Onlar karanlıkta oturmuş konuşurken Kaya Abi ve iki güvenlik görevlisi girdi içeri – gözcüler birinin yıkıntılara doğru yaklaştığını ve içeri girmeye çalıştığını bildirmişti. Böyle birinin istihbarat açısından değerinin büyük olduğu açıktı; kendini define avcısı olarak tanımlayan ama onlara göre hırsız olan genç hemen, acil toplantıya çağrılmış olan Konsey üyelerinin önüne çıkarıldı.

Konsey, hırsızın dışarıdaki dünyayla ilgili olarak anlattıklarını büyük bir merak ve dikkatle dinledi. Ardından üyeler saatler süren bir tartışmaya girişti ve oturumun sonunda hırsızın sınırdışı edilmesini oybirliğiyle; toplu olarak dışarı çıkılması projesinden vazgeçilmesine, yiyecek sorununun gerilla taktikleriyle çözülmesine ve dışarıdan gelecek saldırılara karşı yıkıntıların zayıf noktalarının saptanıp güçlendirilmesine oy çokluğuyla karar verdiler. Yıkıntıların olduğu bölgeye izinsiz girmek büyük bir suç sayıldığından ve kimse, bir hırsızın anlatacağı saçma sapan hikayeye inanmayacağından onu bırakmakta bir sakınca görmemişlerdi.

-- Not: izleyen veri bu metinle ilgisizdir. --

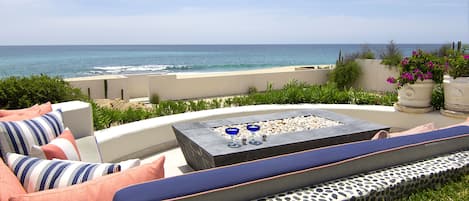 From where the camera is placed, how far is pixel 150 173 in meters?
1.54

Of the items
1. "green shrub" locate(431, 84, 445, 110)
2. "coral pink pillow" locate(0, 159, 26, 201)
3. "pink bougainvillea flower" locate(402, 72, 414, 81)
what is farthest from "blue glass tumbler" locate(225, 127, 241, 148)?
"green shrub" locate(431, 84, 445, 110)

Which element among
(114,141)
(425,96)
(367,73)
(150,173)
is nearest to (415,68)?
(425,96)

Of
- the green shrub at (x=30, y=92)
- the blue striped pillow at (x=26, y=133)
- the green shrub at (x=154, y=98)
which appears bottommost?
the green shrub at (x=154, y=98)

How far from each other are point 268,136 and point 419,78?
2.93m

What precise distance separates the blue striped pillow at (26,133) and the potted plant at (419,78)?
474cm

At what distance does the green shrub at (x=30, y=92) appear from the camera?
361 cm

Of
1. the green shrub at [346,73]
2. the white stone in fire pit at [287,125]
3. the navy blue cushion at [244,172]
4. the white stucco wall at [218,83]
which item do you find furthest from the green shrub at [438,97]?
the green shrub at [346,73]

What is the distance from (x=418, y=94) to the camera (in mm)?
5320

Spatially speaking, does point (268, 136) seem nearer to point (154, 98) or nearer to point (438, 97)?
point (438, 97)

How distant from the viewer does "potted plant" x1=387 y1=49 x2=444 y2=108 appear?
525 cm

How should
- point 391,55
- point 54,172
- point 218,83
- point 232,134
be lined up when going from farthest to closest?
point 391,55, point 218,83, point 232,134, point 54,172

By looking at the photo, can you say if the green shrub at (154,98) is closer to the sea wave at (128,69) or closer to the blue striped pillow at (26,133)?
the blue striped pillow at (26,133)

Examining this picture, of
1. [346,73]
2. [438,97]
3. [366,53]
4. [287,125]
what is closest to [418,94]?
[438,97]

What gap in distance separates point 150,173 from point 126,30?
53.7 metres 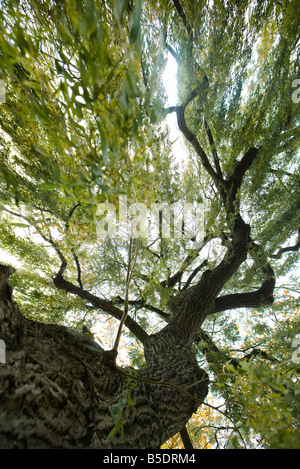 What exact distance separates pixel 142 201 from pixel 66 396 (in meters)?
1.11

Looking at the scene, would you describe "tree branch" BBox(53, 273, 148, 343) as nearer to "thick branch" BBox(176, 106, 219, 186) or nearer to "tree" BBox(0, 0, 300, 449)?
"tree" BBox(0, 0, 300, 449)

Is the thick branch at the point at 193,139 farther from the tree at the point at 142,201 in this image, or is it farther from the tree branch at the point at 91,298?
the tree branch at the point at 91,298

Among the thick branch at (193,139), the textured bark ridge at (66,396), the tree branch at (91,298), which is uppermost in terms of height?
the thick branch at (193,139)

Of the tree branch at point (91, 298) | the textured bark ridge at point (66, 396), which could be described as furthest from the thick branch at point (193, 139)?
the textured bark ridge at point (66, 396)

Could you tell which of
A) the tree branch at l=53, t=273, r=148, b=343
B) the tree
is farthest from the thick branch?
the tree branch at l=53, t=273, r=148, b=343

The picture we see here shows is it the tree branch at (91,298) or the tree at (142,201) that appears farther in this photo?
the tree branch at (91,298)

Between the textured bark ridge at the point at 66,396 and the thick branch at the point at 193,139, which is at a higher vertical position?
the thick branch at the point at 193,139

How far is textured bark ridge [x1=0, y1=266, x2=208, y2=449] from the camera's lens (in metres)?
0.83

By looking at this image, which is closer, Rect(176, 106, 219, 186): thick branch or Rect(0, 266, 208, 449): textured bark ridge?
Rect(0, 266, 208, 449): textured bark ridge

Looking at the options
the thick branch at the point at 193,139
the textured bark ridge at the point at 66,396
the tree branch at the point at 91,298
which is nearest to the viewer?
the textured bark ridge at the point at 66,396

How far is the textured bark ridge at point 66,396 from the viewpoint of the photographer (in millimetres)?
829

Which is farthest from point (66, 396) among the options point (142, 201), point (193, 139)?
point (193, 139) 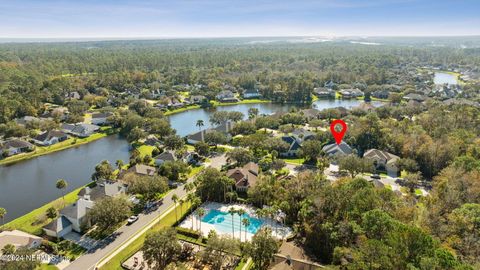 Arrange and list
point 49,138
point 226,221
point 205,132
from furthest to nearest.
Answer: point 49,138
point 205,132
point 226,221

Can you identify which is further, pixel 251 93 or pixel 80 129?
pixel 251 93

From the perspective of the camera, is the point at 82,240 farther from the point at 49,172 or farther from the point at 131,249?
the point at 49,172

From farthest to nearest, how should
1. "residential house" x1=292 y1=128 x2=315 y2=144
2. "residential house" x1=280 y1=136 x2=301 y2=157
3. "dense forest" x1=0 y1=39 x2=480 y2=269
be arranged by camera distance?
1. "residential house" x1=292 y1=128 x2=315 y2=144
2. "residential house" x1=280 y1=136 x2=301 y2=157
3. "dense forest" x1=0 y1=39 x2=480 y2=269

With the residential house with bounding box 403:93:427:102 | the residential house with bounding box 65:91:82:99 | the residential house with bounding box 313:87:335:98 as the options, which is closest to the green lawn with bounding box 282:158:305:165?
the residential house with bounding box 403:93:427:102

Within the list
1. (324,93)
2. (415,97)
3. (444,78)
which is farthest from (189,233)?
(444,78)

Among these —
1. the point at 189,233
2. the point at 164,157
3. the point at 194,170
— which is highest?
the point at 164,157

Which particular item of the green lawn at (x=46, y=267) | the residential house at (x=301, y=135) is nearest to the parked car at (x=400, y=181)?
the residential house at (x=301, y=135)

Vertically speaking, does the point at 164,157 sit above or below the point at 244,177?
above

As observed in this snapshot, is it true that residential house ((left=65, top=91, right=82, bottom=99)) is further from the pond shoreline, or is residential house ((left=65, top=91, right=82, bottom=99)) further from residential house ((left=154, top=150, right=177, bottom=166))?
residential house ((left=154, top=150, right=177, bottom=166)) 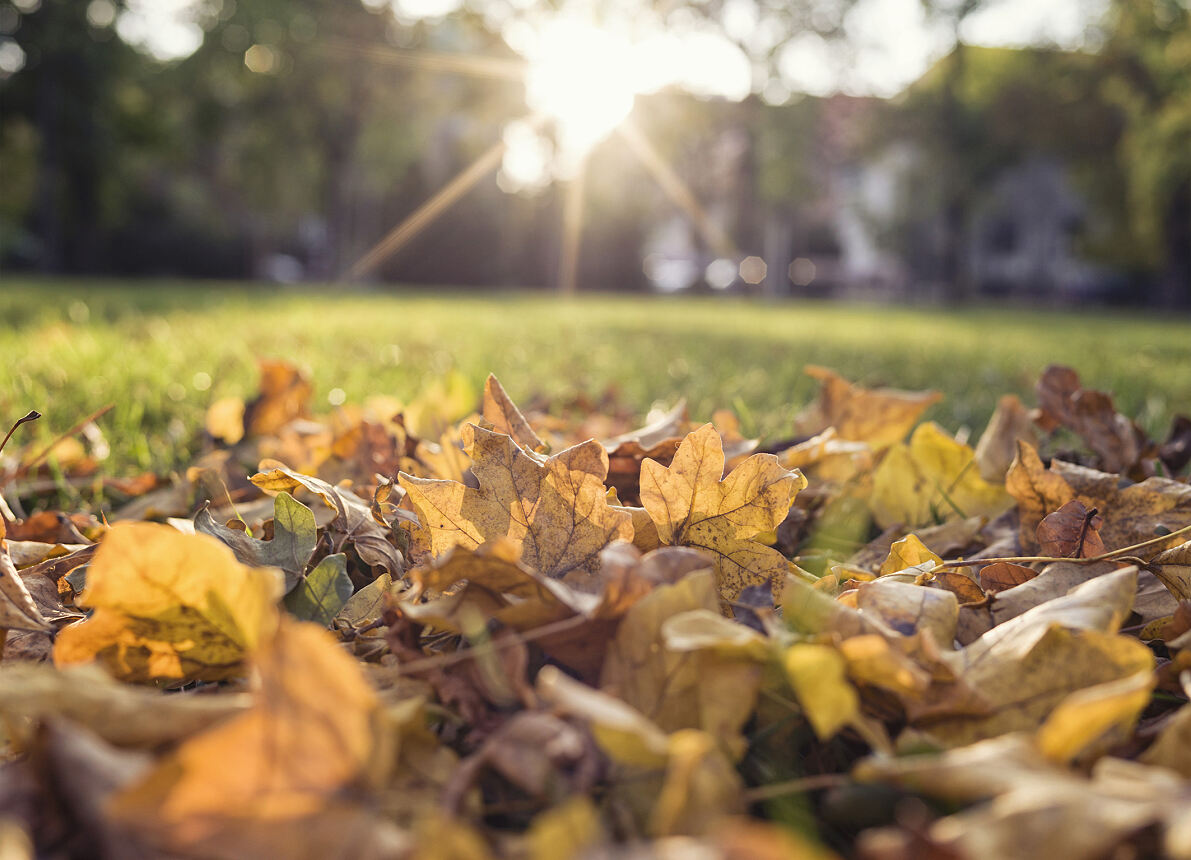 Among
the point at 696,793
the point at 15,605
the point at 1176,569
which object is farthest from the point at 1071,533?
the point at 15,605

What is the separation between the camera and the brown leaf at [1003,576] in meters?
0.93

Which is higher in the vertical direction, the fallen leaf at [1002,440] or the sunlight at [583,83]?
the sunlight at [583,83]

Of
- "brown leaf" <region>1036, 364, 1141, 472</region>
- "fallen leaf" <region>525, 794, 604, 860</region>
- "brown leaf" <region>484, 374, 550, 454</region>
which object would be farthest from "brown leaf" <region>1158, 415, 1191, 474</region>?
"fallen leaf" <region>525, 794, 604, 860</region>

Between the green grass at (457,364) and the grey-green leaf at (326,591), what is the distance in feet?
3.99

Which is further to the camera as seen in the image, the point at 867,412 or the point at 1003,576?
the point at 867,412

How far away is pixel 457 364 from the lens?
3.59 m

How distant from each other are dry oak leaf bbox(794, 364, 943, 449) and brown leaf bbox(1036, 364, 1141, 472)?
0.20 metres

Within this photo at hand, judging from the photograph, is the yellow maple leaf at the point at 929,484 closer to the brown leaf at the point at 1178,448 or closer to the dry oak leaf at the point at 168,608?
the brown leaf at the point at 1178,448

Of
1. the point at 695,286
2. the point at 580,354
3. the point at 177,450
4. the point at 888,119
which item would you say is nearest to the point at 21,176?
the point at 695,286

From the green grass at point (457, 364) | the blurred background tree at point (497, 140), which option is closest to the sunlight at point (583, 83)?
the blurred background tree at point (497, 140)

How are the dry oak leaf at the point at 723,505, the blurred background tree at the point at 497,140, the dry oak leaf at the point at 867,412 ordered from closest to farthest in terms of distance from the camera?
the dry oak leaf at the point at 723,505 → the dry oak leaf at the point at 867,412 → the blurred background tree at the point at 497,140

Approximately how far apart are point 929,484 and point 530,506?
2.55 feet

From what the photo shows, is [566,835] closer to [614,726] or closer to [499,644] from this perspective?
[614,726]

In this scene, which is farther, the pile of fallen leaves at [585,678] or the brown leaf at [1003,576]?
the brown leaf at [1003,576] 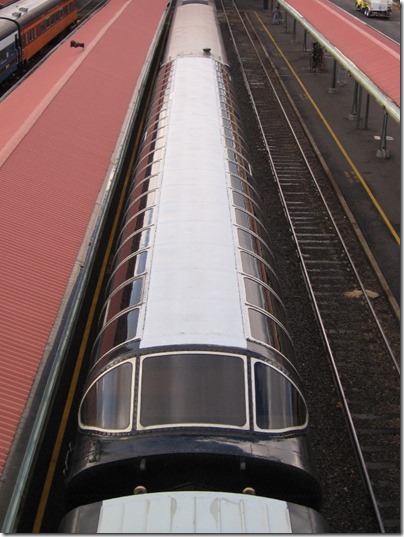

Böyle bir suçun cezasını göze alıp yıkıntıların içinde kalmış olabilecek şeyleri bunca yıl sonra talan etmeye çalışmaktan başka bir çaresi olmayan insanlar yetiştiren bir düzenin de, kendi düzenlerinden çok daha zavallı bir halde olduğunu düşünmüşlerdi. Konseyin büyük çoğunluğu, eskiden aşırı bulunan muhafazakarlara hak vermeye başlamıştı.

Hırsız ertesi gece elinde çilekli tart paketiyle geri döndü. Ne var ki bu kez Yakamoz’a ulaşamadı, çünkü önceki gece açtığı deliğin olduğu yerde koca koca beton bloklar vardı artık – ne kadar yıkık da olsa duvar, duvardı. Aşkını kalbine gömmekten başka seçeneği yoktu hırsızın. Paketi de bir karanfil gibi oraya bırakmak aklından geçtiyse de, o kadar para saydığı çilekli tartın tadına bakmak daha cazip geldi. Bir molozun altına sıkışmış pastane paketiyse uzun yıllar orada durdu.